Junfeng Wu, Yi Jiang, Wenqing Zhang, Xiang Bai, Song Bai

arXiv 2112.08275

Abstract

In this work, we present SeqFormer, a frustratingly simple model for video instance segmentation. SeqFormer follows the principle of vision transformer that models instance relationships among video frames. Nevertheless, we observe that a stand-alone instance query suffices for capturing a time sequence of instances in a video, but attention mechanisms should be done with each frame independently. To achieve this, SeqFormer locates an instance in each frame and aggregates temporal information to learn a powerful representation of a video-level instance, which is used to predict the mask sequences on each frame dynamically. Instance tracking is achieved naturally without tracking branches or post-processing. On the YouTube-VIS dataset, SeqFormer achieves 47.4 AP with a ResNet-50 backbone and 49.0 AP with a ResNet-101 backbone without bells and whistles. Such achievement significantly exceeds the previous state-of-the-art performance by 4.6 and 4.4, respectively. In addition, integrated with the recently-proposed Swin transformer, SeqFormer achieves a much higher AP of 59.3. We hope SeqFormer could be a strong baseline that fosters future research in video instance segmentation, and in the meantime, advances this field with a more robust, accurate, neat model.

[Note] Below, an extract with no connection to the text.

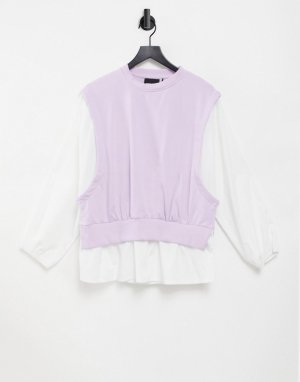 Рубашка и сиреневый вязаный жилет 2-в-1 -Фиолетовый цвет Pieces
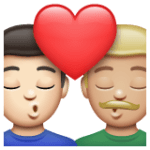 👨🏻‍❤️‍💋‍👨🏼 Berciuman Pria dengan Pria Warna Kulit Cerah dengan Warna Kulit Cerah Sedang WhatsApp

Visualization results on YouTube-VIS 2019 valid set

Installation

First, clone the repository locally:

git clone https://github.com/wjf5203/SeqFormer.git

Then, install PyTorch 1.7 and torchvision 0.8.

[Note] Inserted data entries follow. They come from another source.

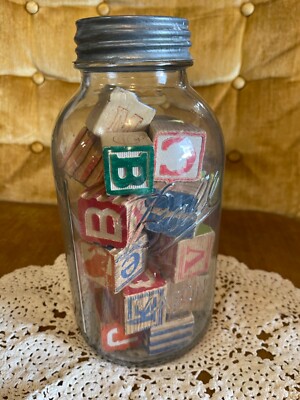 Ball Jar full of Wood Alphabet Blocks with zinc lid 9  tall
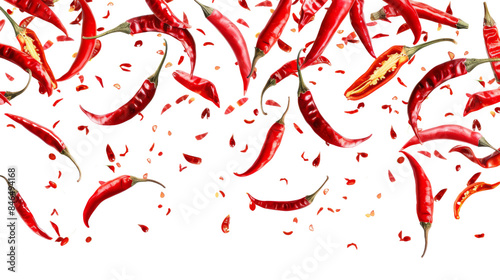 Falling Red chili peppers on transparent background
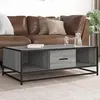 Image de vidaXL Table basse sonoma gris 100x57x35 cm bois d'ingénierie et métal, table d'appoint, table de salon, table latérale, 848762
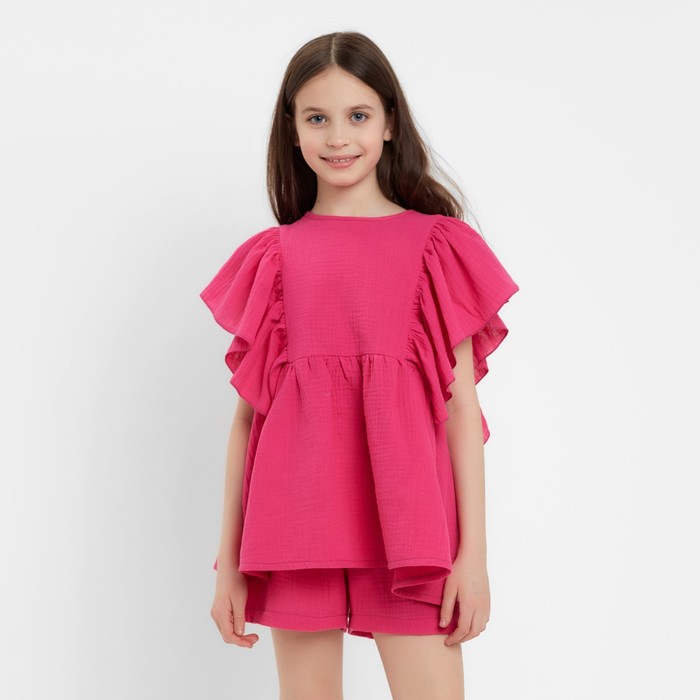 Комплект для девочки (блузка, шорты) MINAKU цвет фуксия, рост 140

conda install pytorch==1.7.1 torchvision==0.8.2 torchaudio==0.7.2 -c pytorch

Install dependencies and pycocotools for VIS:

pip install -r requirements.txt
pip install git+https://github.com/youtubevos/cocoapi.git#"egg=pycocotools&subdirectory=PythonAPI"

Compiling CUDA operators:

cd ./models/ops
sh ./make.sh
# unit test (should see all checking is True)
python test.py

Data Preparation

Download and extract 2019 version of YoutubeVIS train and val images with annotations from CodeLab or YouTubeVIS, and download COCO 2017 datasets. We expect the directory structure to be the following:

SeqFormer
├── datasets
│   ├── coco_keepfor_ytvis19.json
...
ytvis
├── train
├── val
├── annotations
│   ├── instances_train_sub.json
│   ├── instances_val_sub.json
coco
├── train2017
├── val2017
├── annotations
│   ├── instances_train2017.json
│   ├── instances_val2017.json

The modified coco annotations 'coco_keepfor_ytvis19.json' for joint training can be downloaded from [google].

Model zoo

Ablation model

Train on YouTube-VIS 2019, evaluate on YouTube-VIS 2019.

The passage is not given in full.